True behavior of $2003/$2004 or FCE Ultra eccentricity?

True behavior of $2003/$2004 or FCE Ultra eccentricity?
by on (#32668)
What exactly is the behavior of $2003/$2004 on real NES hardware?

Any documentation that I've come across claims that you write the SPR-RAM address to $2003, and the byte you want to store to $2004. Okay -- that seems REALLY straightforward. But guess what? Clearly not everyone agrees on it.

Okay. Here's the situation:

I want to perform a DMA to SPR-RAM and then hide certain sprites by using $2003/$2004 and overwriting their Y-coordinates. I'm not using my entire "local" SPR-RAM page for sprites, and need to hide the sprites which overlap my other data.

Example:

Code:
lda #0
sta $2003
sta $4014  ; SPR-RAM <- $0000-$00FF

ldx #$FF  ; used to hide sprites (any value in $EF-$FF will do)

lda #35 * 4  ; sprite #35 @ Y-coordinate
sta $2003
stx $2004
.. (etc., for each sprite I want to hide)


I'm using FCE Ultra because it's the only emulator I've found that has reasonable debugging features. However, the way it responds to writes to $2003 is bizarre. I had to get into the source code to understand it, and here's the relevant portion:

Code:
static DECLFW(B2003)
{
                //printf("$%04x:$%02x, %d, %d\n",A,V,timestamp,scanline);
                PPUGenLatch=V;
                PPU[3]=V;
                PPUSPL=V&0x7;
}

static DECLFW(B2004)
{
                //printf("$%04x:$%02x, %d, %d\n",A,V,timestamp,scanline);
                //printf("$%04x:$%02x, %d\n",X.PC,V,scanline);
                PPUGenLatch=V;
                if(PPUSPL>=8)
                {
                 if(PPU[3]>=8)
                  SPRAM[PPU[3]]=V;
                }
                else
                {
                 //printf("$%02x:$%02x\n",PPUSPL,V);
                 SPRAM[PPUSPL]=V;
                }
                PPU[3]++;
                PPUSPL++;
}


If I understand the above right, you can only position ($2003) and write to ($2004) the first eight locations of SPR-RAM, which corresponds to the first two sprites (sprites #0 & #1). If I want to write to any other sprite, I must first write to address 7 (sprite #1's X-coordinate), then "make my way" to the "true" address (unless the sprite is even numbered and I want to access the Y-coordinate, in which case I'm there).

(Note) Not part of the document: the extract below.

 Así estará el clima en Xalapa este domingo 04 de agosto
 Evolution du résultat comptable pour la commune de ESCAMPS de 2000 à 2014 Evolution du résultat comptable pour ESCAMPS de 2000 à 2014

Example (doesn't work in FCE Ultra):

Code:
lda #$8C   ; (= 35 * 4,address of sprite #35's Y-coordinate)
sta $2003  ; PPU[3] = $8C, PPUSPL = $04

stx $2004  ; SPRAM[$04] <- $FF (and not SPRAM[$8C] <- $FF)


So, the quickest way to get to the intended address would be to:

Code:
lda #$87
sta $2003  ; PPU[3] = $87, PPUSPL = $07

stx $2004  ; SPRAM[$07] <- $FF (trash sprite #1's Y-coordinate)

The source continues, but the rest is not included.